埼玉県・私立浦和学院高校「進学実績向上」

データベースを整備し面談と模試を充実させる

● 実践のポイント
「面談準備シート」の活用、進路情報のデータベース化により面談を充実
模試の徹底活用と事前事後の検討会で、成績下位層を下支え
「リテラシー教育」により、実社会で役立つスキルの修得を目指す

少子化時代を見据え進学強化を打ち出す

 さいたま市郊外にある浦和学院高校は、1学年の入学定員が800名という県内屈指の大規模校だ。全国大会常連の野球部をはじめ、サッカー部や弓道部、パワーリフティング部など、全国区の部活動を数多く抱えるスポーツ名門校でもある。
 しかし、部活動での目覚ましい実績に比べて、進学面においては長らく芳しい実績を上げることができていなかった。6年前、同校に赴任した原田豊教頭は次のように話す。
 「部活動の評価だけでは、これからの少子化時代に生き残りを図るのは難しい。
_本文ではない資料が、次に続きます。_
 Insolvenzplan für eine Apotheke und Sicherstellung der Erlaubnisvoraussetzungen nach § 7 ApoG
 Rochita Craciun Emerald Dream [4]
進学面でも実績を上げ、選ばれる高校へと変革する必要がありました」
 進学実績向上に向けた改革を進めるに当たって、同校は二つの柱を掲げた。一つは難関大の合格実績向上、もう一つは現役進学率の向上だ。
 当時の同校には、進学指導を効果的に行うノウハウが十分蓄積されていなかった。模試に対する意識が希薄で、同じ学年で異なる業者の模試を採用していたために、生徒の学力の推移も把握できていなかった。その年の現役進学率を聞いても答えられない教師が少なくなかったという。
 大学進学に対する生徒のモチベーションも低かった。「偏差値60くらいの生徒でも、明確な進路意識を持っていない生徒が少なくない中で、本校には率直に言って、最初から『自分が大学に行けるわけはない』とあきらめてしまっている生徒もいました。現役進学率を向上させるには、まず、さまざまな方面から働きかけて進路意識を芽生えさせ、それを徹底的に鍛え上げていく必要があると考えました」(原田教頭)
 一方、難関大の合格実績は、進路意識の向上や指導の充実だけで上げられるものではない。そこで、同校は従来の類型を改編し、02年度に「難関大現役突破」を旗印としたⅠ類を新設、高度な指導についていける生徒を受け入れる方針を打ち出した。
 進学校へと脱皮を図る同校の改革はこうして始まった。